May 21, 2010
Democrats attempting to restore transparency to secret corporate campaign cash
LANSING – The House Ethics and Elections Committee took testimony on a package of bills aimed at restoring accountability to the flood of secret corporate money that will pour into elections following the U.S. Supreme Court’s decision last January in the Citizens United v. Federal Election Commission case.
The Committee took testimony on Wednesday on House Bills 6182-6188 that would bring some accountability and transparency to the process. Among the things the bills would do include required disclosure of what they spent, corporations would have to have approval of investors to spend money on political campaigns and those investors could be liable for fines if there are any campaign finance violations, companies with foreign investors would not be able to make campaign contributions and ads sponsored by a company or union would have to clearly state the source of the ad, including a disclaimer by the chief executive.
“It (the SCOTUS decision) overturned nearly a century of precedence, and it opened the floodgates to corporate money,” said Rep. Daniel Scripps, D-Northport, primary sponsor of the package. “Because this type pf campaign contribution was illegal before the Supreme Court decision, there is no framework to address this.”
The SCOTUS decision lifted the prohibition of all independent expenditures by corporations and unions, and it wiped out all disclosure and transparency. In the past, corporations, unions and special interest groups could form Political Actions Committees (PAC) to solicit money and hand out political contributions, but they were required to file quarterly campaigns finance reports that list who is giving money and there the money is going,. That’s not the case after the decision, but the package of bills will make that happen again.
“There is no Secretary of State web site to check what the corporations are spending and on what,” said Rep. Kathy Angerer, D-Dundee, the chair of the Elections Committee.
Republicans on the committee questioned why the focus was on corporations and not labor unions. Angerer said the rules apply to unions, too, but she would be open to any clarifications to address any concerns. However, the simple fact is money from labor does not hold a candle to the cash of corporations like insurance companies or oil companies.
Michigan has a history of rich timber and mining barons spending huge sums of money to elect people friendly to them to the Legislature that led to widespread corruption. It was that rampant corruption that led to the laws the Supreme Court struck down in their decision.
“It has been so long ago that it has been forgotten, but the history books are filled with examples of this corruption,” said Mark Brewer, chair of the Michigan Democratic Party.
Rep. Kimberly Meltzer, R-Macomb Twp?, playing to her base for her primary Senate race, said the Democratic Party should be held to the same disclosure requirements for its bingo games, claiming she knows of a bingo hall run by Democrats that funnels money to candidates. However, those facilities are required under federal law to disclose how much they collect from whom and where that money goes.
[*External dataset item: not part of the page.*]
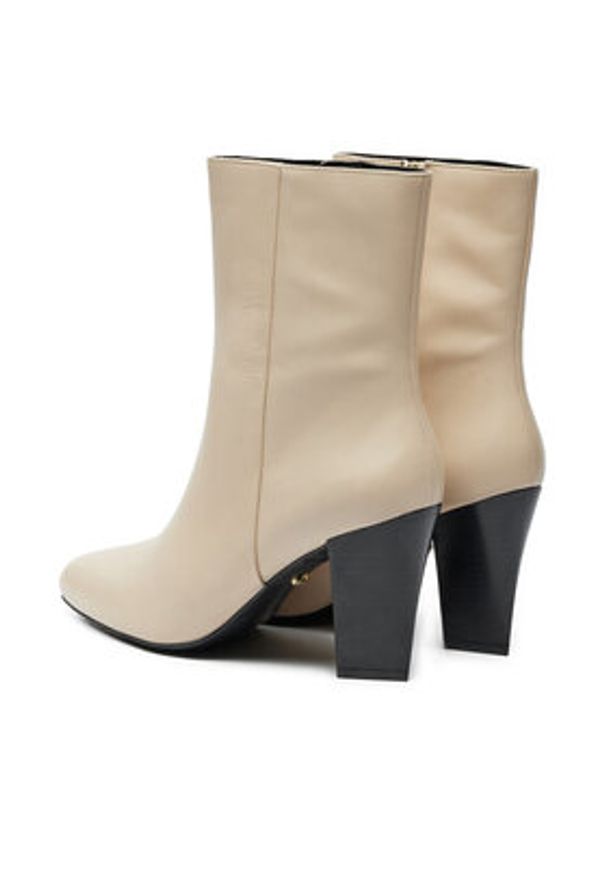 Gino Rossi Botki HAGA-116068 Écru. Materiał: skóra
Brewer said the bingo halls are a model of fundraising; raising small amounts of money from many people as opposed to millions of unregulated dollars being raised by corporations, and he invited Meltzer to visit the bingo hall.
“The voters have spoken on this issue, and there was a referendum in 1996 to allow political parties to raise money with bingo,” Brewer said.
No vote was taken on the package of bills, and Angerer said further hearings will be held on the bills.